AS listeners to Radio 3's Hear And Now strand on Saturday night will know, those among an initially very full house who found the music of New York's John Zorn too challenging to return after the interval missed the better part of the evening.
Even if you are familiar with the writer and saxophonist's work from the album The Big Gundown or the small group Naked City, his orchestral work was probably still unknown. This concert by the BBC Scottish Symphony Orchestra and conductor Ilan Volkov was not just the first celebration of the composer's 60th-birthday year, it was also the first concert entirely of his works by an orchestra anywhere ever.
The first half culminated in the world premiere of a new commission, Suppots et Supplications, scored for a very large orchestra and a vast percussion section, much of it a dialogue between strings and percussion and full of his signature flurries of notes. Like the monodrama La Machine de l'etre, which featured soprano Allison Bell and preceded it, it was inspired by the work of French playwright and poet Antonin Artaud, and both pieces shared a style with the opening Orchestra Variations of 1996, which featured guest leader Duncan Riddell and percussive colours made by newspapers and garden shears.

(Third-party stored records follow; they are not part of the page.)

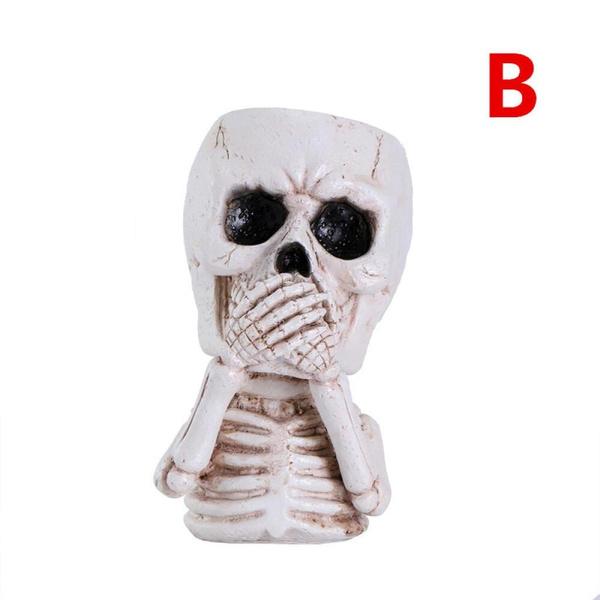3D Череп Форма цветочный горшок смешной комнатный настольный контейнер для растений для украшения домашнего офиса стола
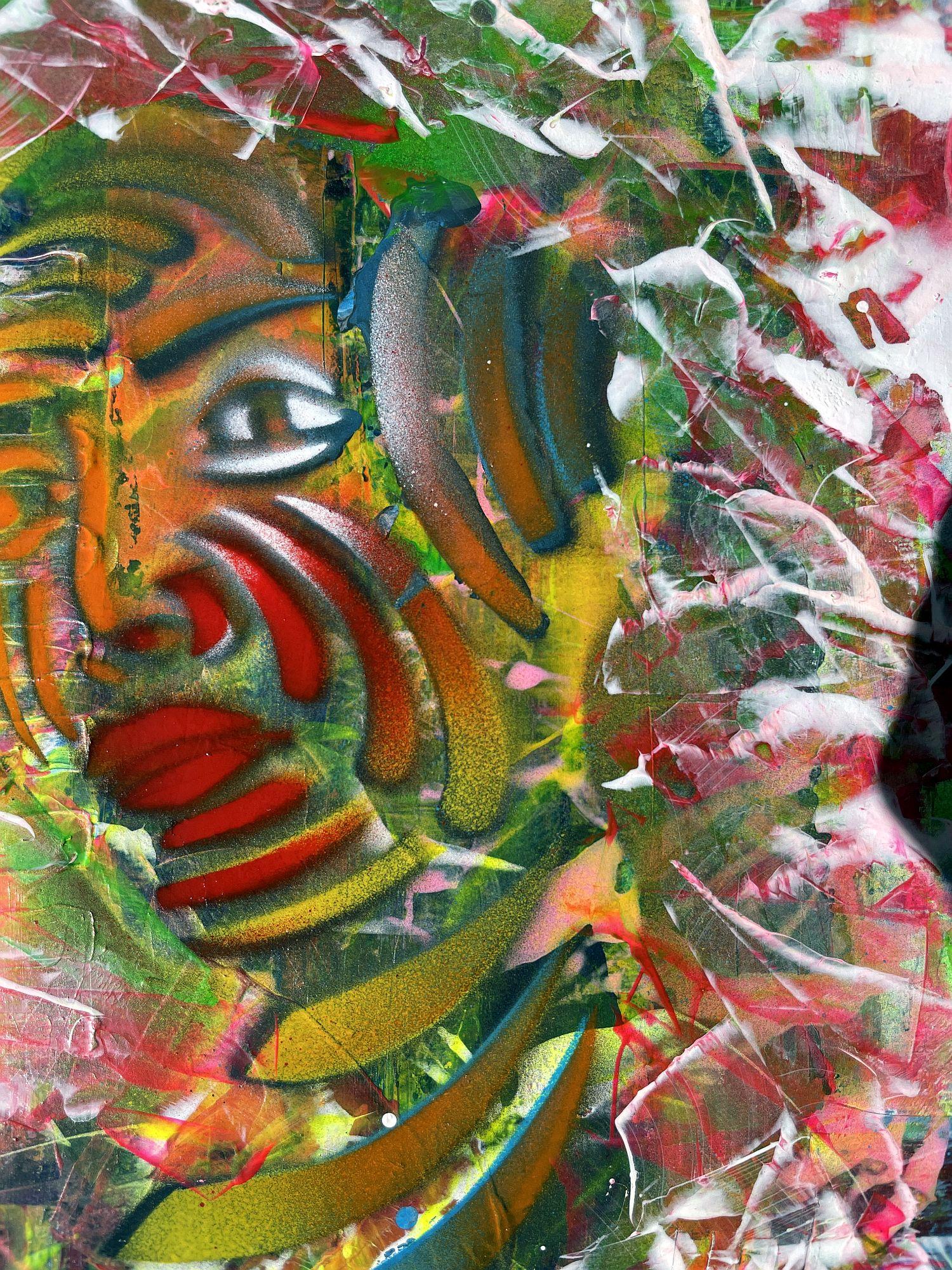 Mon œuvre, créée avec des acrílicos, reflète une exploration abstraite et vibrante de l'esprit humain. L'utilisation de couleurs vives et les Forma entrelacées capturent la complexité émotionnelle et la profondeur de l'introspection. Busqué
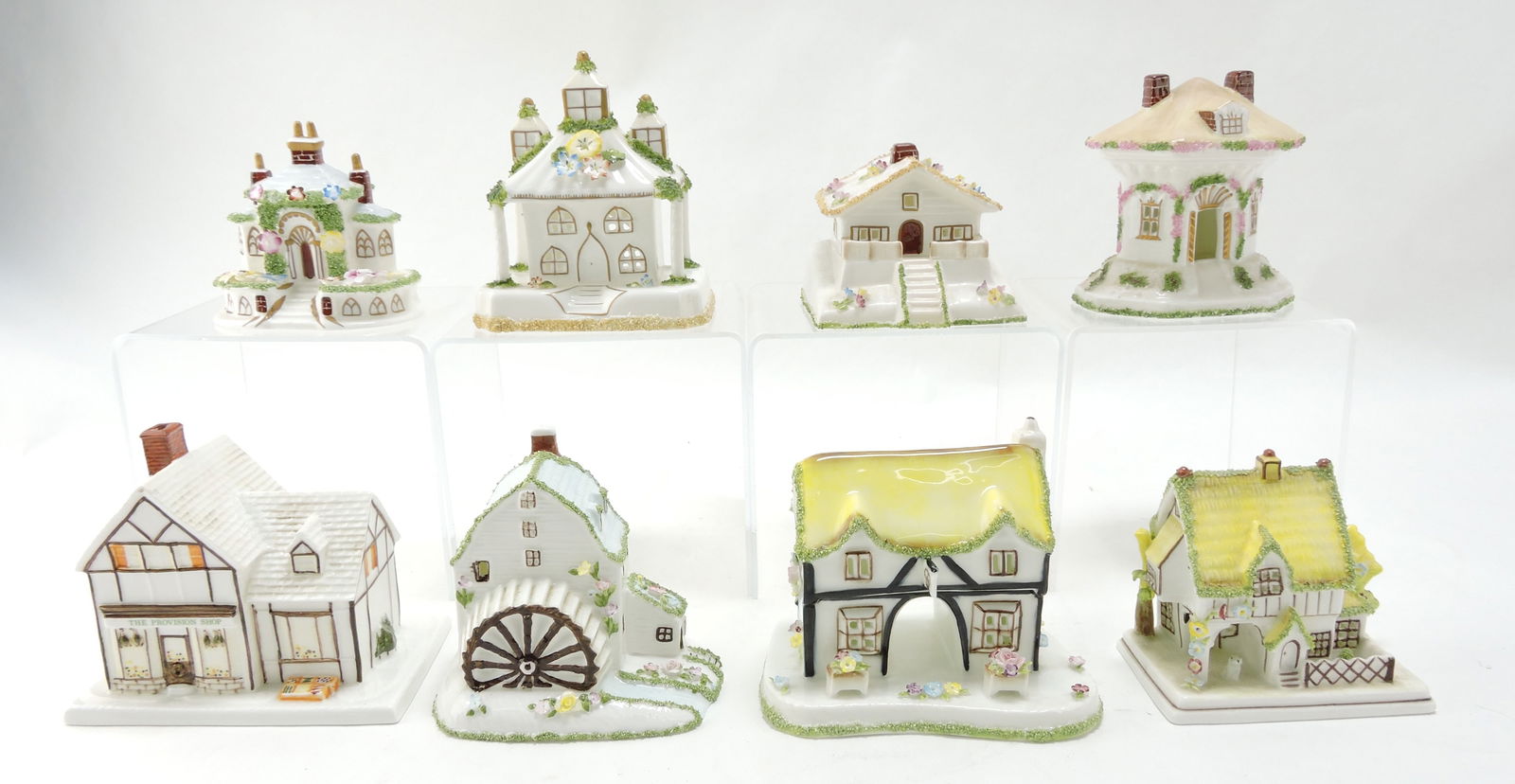 Coalport Bone China lot of: 8 cottages, 3 1/2" to 4 1/2"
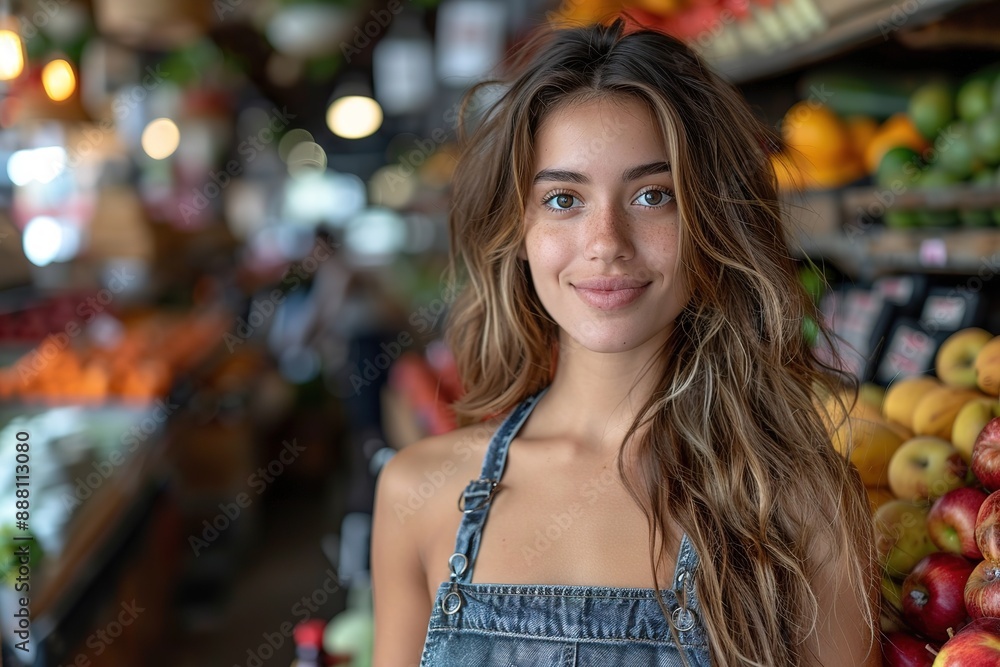Portrait of saleswoman with hands while female customer shopping in background at supermarket Portrait of saleswoman with hands while female customer shopping in background at supermarket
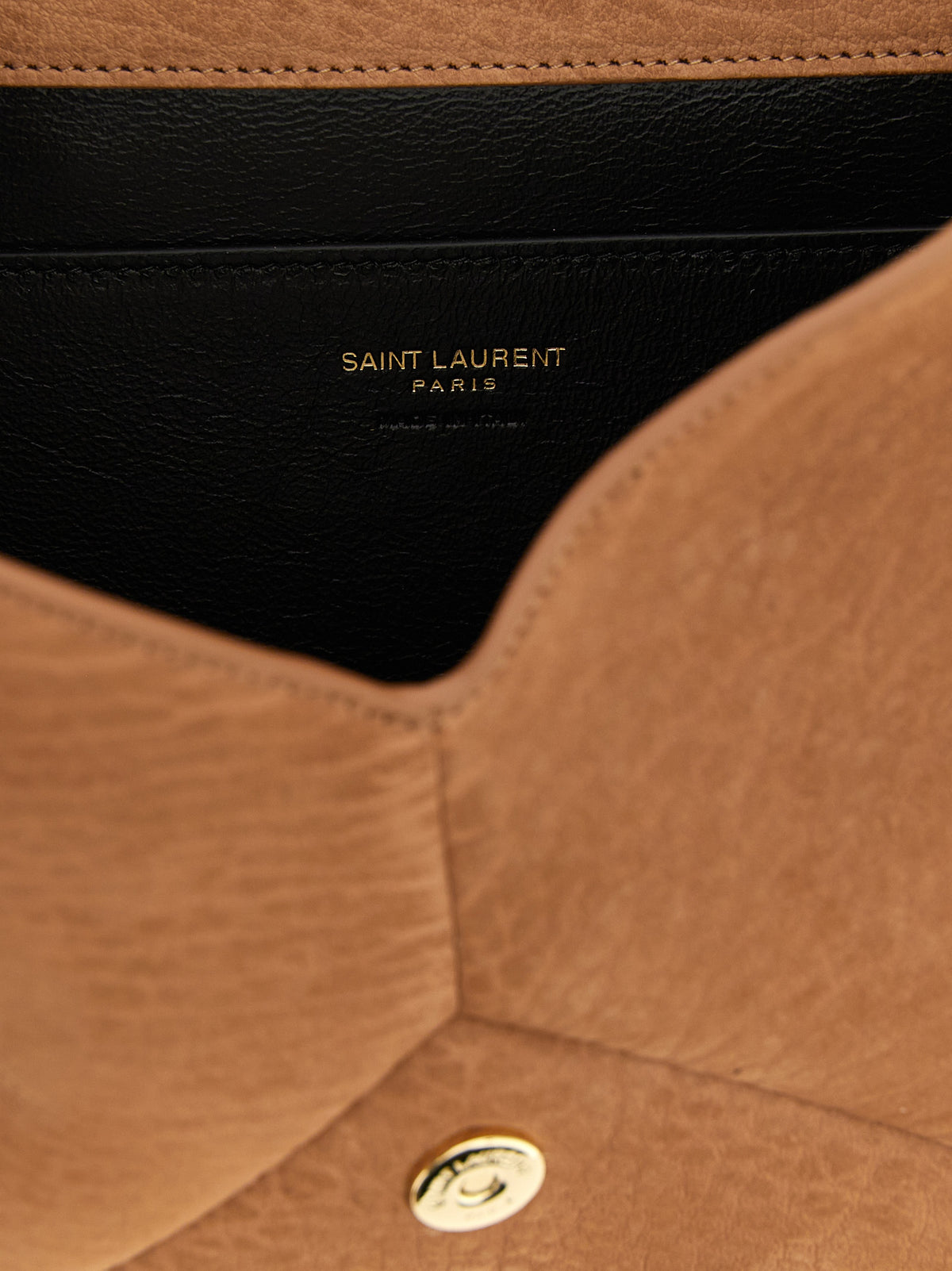 Pochette Saint Laurent en cuir d'agneau beige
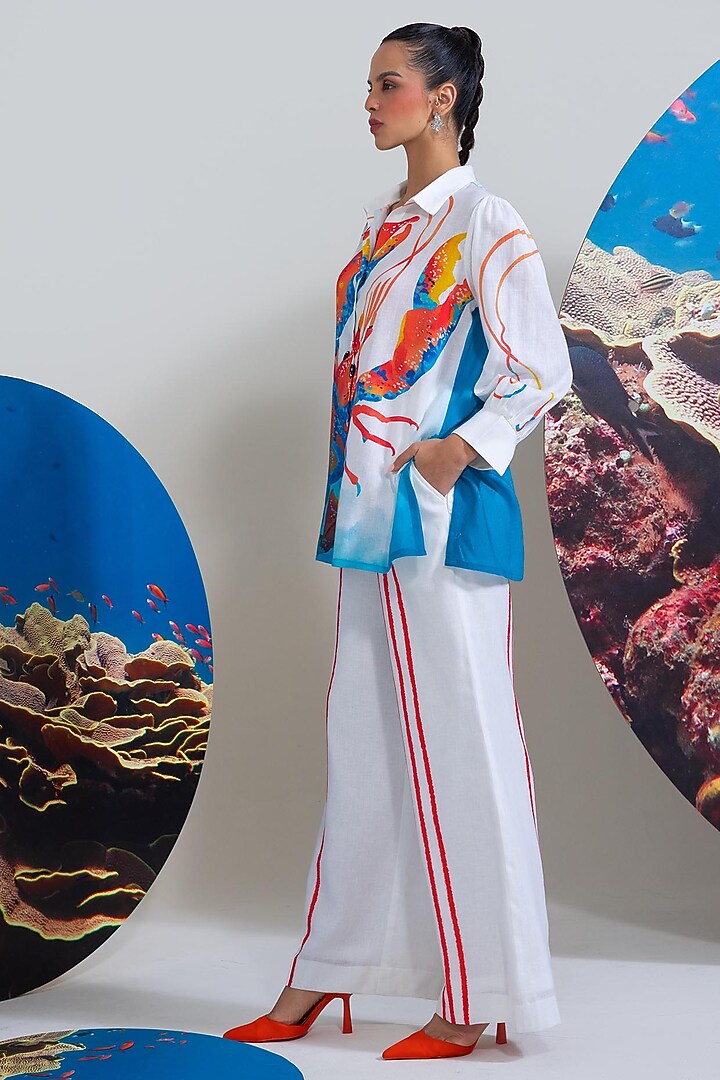 White Cotton Linen Printed Co-Ord Set by Nautanky By Nilesh Parashar at Pernia's Pop Up Shop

After the break, Kol Nidre, from the same year, was very different, a simple but brilliant piece of spiritual string writing that was kin to Zorn's Masada projects and more in the mould of Arvo Part. It was followed by piano concerto Aporias with the piece's dedicatee, Stephen Drury, at the keyboard and some astonishing singing from half-a-dozen young choristers from St Mary's Cathedral in Edinburgh. Section principals gave superb solo performances in what was a virtuosic tour de force.